*** GIVEN RECORDS ***
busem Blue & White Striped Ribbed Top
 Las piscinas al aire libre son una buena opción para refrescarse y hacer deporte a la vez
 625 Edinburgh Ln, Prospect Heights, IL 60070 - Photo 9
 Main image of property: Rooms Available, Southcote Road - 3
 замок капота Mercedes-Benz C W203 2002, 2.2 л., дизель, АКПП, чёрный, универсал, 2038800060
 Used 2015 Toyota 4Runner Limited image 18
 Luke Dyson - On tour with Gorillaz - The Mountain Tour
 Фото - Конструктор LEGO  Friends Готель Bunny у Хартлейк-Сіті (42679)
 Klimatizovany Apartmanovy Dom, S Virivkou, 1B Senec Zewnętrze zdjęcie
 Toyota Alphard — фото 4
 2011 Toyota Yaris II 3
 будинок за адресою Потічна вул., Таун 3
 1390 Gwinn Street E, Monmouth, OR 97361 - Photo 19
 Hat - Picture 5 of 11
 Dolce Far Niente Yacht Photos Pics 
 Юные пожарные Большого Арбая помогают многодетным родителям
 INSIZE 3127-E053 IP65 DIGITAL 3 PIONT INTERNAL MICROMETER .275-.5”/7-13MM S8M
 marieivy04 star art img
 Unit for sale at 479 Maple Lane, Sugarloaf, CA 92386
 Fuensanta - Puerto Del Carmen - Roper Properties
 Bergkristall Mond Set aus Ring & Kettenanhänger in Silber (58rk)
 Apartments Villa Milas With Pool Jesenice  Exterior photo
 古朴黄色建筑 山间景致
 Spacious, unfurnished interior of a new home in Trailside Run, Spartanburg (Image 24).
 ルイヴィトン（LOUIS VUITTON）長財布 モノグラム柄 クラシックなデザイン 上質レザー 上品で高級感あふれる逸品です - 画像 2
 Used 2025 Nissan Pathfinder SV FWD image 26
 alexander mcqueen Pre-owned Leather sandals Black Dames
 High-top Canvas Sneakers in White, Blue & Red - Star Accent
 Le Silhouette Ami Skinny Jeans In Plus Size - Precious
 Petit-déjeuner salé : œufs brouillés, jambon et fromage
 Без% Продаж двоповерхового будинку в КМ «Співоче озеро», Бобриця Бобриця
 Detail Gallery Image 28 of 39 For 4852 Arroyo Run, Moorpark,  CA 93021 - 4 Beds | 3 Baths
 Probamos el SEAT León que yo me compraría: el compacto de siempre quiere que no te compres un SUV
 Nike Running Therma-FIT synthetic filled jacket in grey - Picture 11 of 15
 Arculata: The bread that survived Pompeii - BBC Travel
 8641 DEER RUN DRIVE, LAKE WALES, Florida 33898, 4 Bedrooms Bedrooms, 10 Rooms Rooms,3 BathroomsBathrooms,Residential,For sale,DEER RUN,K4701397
*** End of GIVEN RECORDS ***
**TASK DETAILS**
Look above for the line with "Toyota Alphard — фото 4"; retype exactly that line, every line after it up to the line with "Used 2025 Nissan Pathfinder SV FWD image 26", and that line too, nothing else.

**SOLUTION FOR THIS EXERCISE**
 Toyota Alphard — фото 4
 2011 Toyota Yaris II 3
 будинок за адресою Потічна вул., Таун 3
 1390 Gwinn Street E, Monmouth, OR 97361 - Photo 19
 Hat - Picture 5 of 11
 Dolce Far Niente Yacht Photos Pics 
 Юные пожарные Большого Арбая помогают многодетным родителям
 INSIZE 3127-E053 IP65 DIGITAL 3 PIONT INTERNAL MICROMETER .275-.5”/7-13MM S8M
 marieivy04 star art img
 Unit for sale at 479 Maple Lane, Sugarloaf, CA 92386
 Fuensanta - Puerto Del Carmen - Roper Properties
 Bergkristall Mond Set aus Ring & Kettenanhänger in Silber (58rk)
 Apartments Villa Milas With Pool Jesenice  Exterior photo
 古朴黄色建筑 山间景致
 Spacious, unfurnished interior of a new home in Trailside Run, Spartanburg (Image 24).
 ルイヴィトン（LOUIS VUITTON）長財布 モノグラム柄 クラシックなデザイン 上質レザー 上品で高級感あふれる逸品です - 画像 2
 Used 2025 Nissan Pathfinder SV FWD image 26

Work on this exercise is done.